Occorre avvalersi di un supporto psicologico?
«È indispensabile, con operatori formati perché questi bambini trasmettono il loro dolore, che si percepisce dallo sguardo, e portano i segni di ferite esteriori e interiori.
L'adulto che si occupa di loro deve saper gestire il dramma, metabolizzarlo. Per questo servono gruppi di "contenuti del dolore" anche per gli operatori e le famiglie che accoglieranno, con tanta generosità, i bimbi ucraini. Devono essere supportati».
Il problema della lingua può rappresentare un ulteriore ostacolo psicologico?
«In Abruzzo esistono diverse comunità ucraine che offriranno aiuto se ci sarà bisogno di interpreti. Sarà necessario strutturare anche dei percorsi per superare l'ostacolo di una lingua differente rispetto alla nostra: i bambini andranno incanalati in un percorso scolastico e qualcuno dovrà occuparsi di insegnare i primi rudimenti di italiano. Non sentirsi capiti nel linguaggio può diventare un altro passaggio traumatico».
Che cosa consiglia alle famiglie che accoglieranno in casa i bimbi ucraini?
«Intanto, devono avere qualche elemento di conoscenza della storia del bimbo che, quando entrerà a far parte del nucleo familiare, inizierà a chiedere spiegazioni. Vanno rassicurati sul fatto che possono restare per tutto il tempo necessario fino a quando le cose, nella loro famiglia o nella loro terra, non andranno meglio. Quindi, dare anche una speranza temporale e far maturare, nel loro animo, la certezza che sono al sicuro, che avranno tutto il necessario e che comprendiamo quanto sia difficile trovarsi in un posto nuovo, estraneo alla loro vita e alle loro abitudini».
Anche i bambini abruzzesi, di riflesso, stanno subendo un trauma. Con loro quale atteggiamento è meglio assumere?

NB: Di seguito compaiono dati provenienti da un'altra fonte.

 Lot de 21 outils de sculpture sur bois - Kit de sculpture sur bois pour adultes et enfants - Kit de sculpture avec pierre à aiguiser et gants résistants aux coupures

«Non dimentichiamo che sono bambini che escono da un periodo difficile: due anni di restrizioni e paure legate alla pandemia e che spesso, hanno vissuto in prima persona o in famiglia il problema del Covid. La sensazione di angoscia l'hanno già conosciuta. È molto importante, in questo caso, evitare di mostrare immagini cruente, di bombe, morti, conflitti a fuoco e uccisioni, soprattutto ai più piccoli. Si tratta di concetti difficili da elaborare. Non possiamo evitare il tema della morte, ma non dobbiamo neppure anticiparlo. Meglio restare in una posizione di ascolto, rispondendo alle loro ansie e interpretando i silenzi».
Come vanno interpretati i cambiamenti repentini nel comportamento?

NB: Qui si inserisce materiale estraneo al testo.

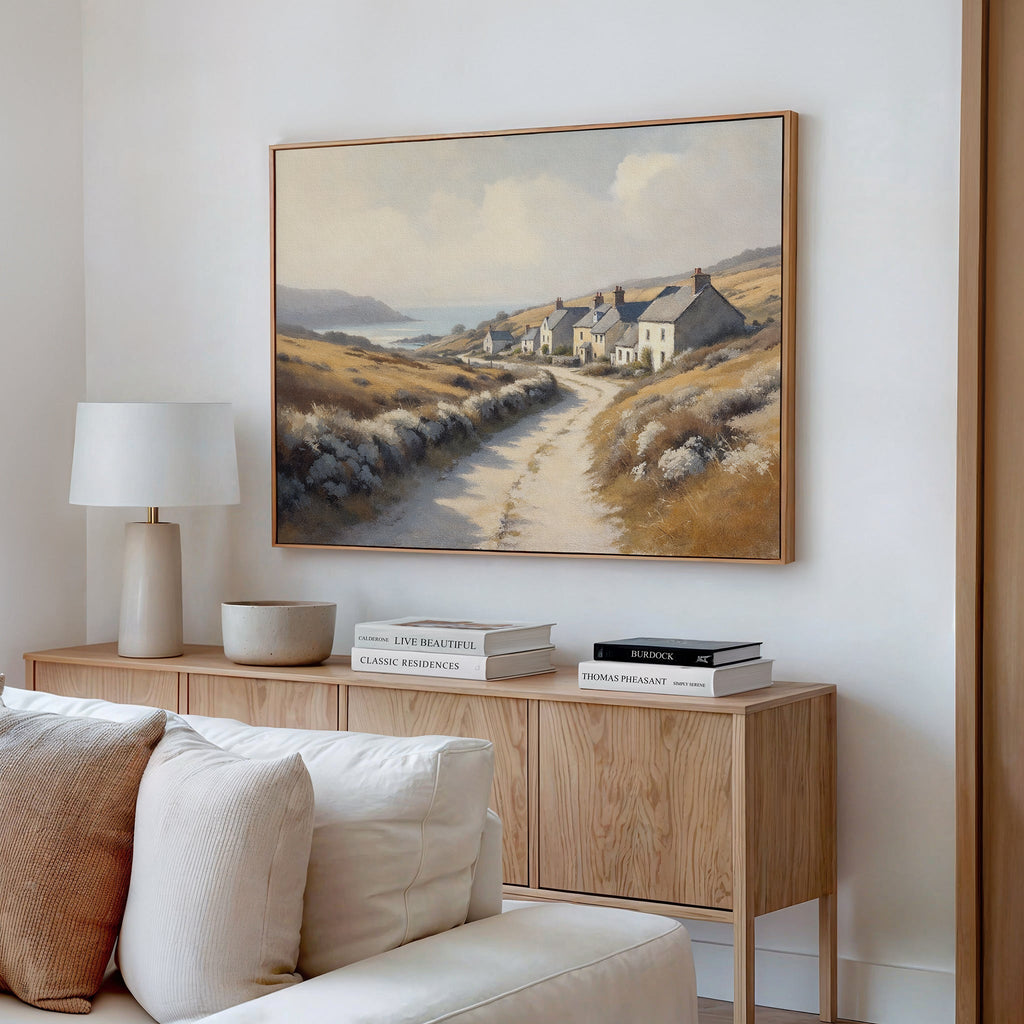 Whispers of the Golden Coast – golden yellow vintage canvas wall art print by Aspire Prints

«Possono essere una spia di allarme. Dipende molto dall'età del bambino: dai 7-8 anni in su riescono a comprendere di più il significato della guerra, e le conseguenze che porta, rispetto alla prima infanzia, quando è molto più difficile capire cosa sta accadendo.
Il primo passo è sondare che idea si sono fatti del conflitto in atto, poi spiegare che la guerra è un modo negativo di rapportarsi quando le persone non riescono a risolvere le divergenze parlando. Aprire anche un po' alla speranza del dialogo come strumento di pacificazione, lanciando dei messaggi positivi».
Con una funzione educativa?
«Esattamente. Facendo comprendere ai nostri ragazzi che la pace si fonda soprattutto sulla condivisione, sul rispetto dei valori dell'altro e delle differenze che ci contraddistinguono. Il dialogo aperto come forma preventiva del conflitto o anche risolutiva: bisogna spiegare che ci sono persone che stanno parlando, si stanno confrontando per risolvere la crisi. E fare esempi pratici. Partendo da un semplice bisticcio tra bimbi per arrivare ai conflitti tra adulti e popolazioni differenti, che possono sfociare nella tanto temuta guerra».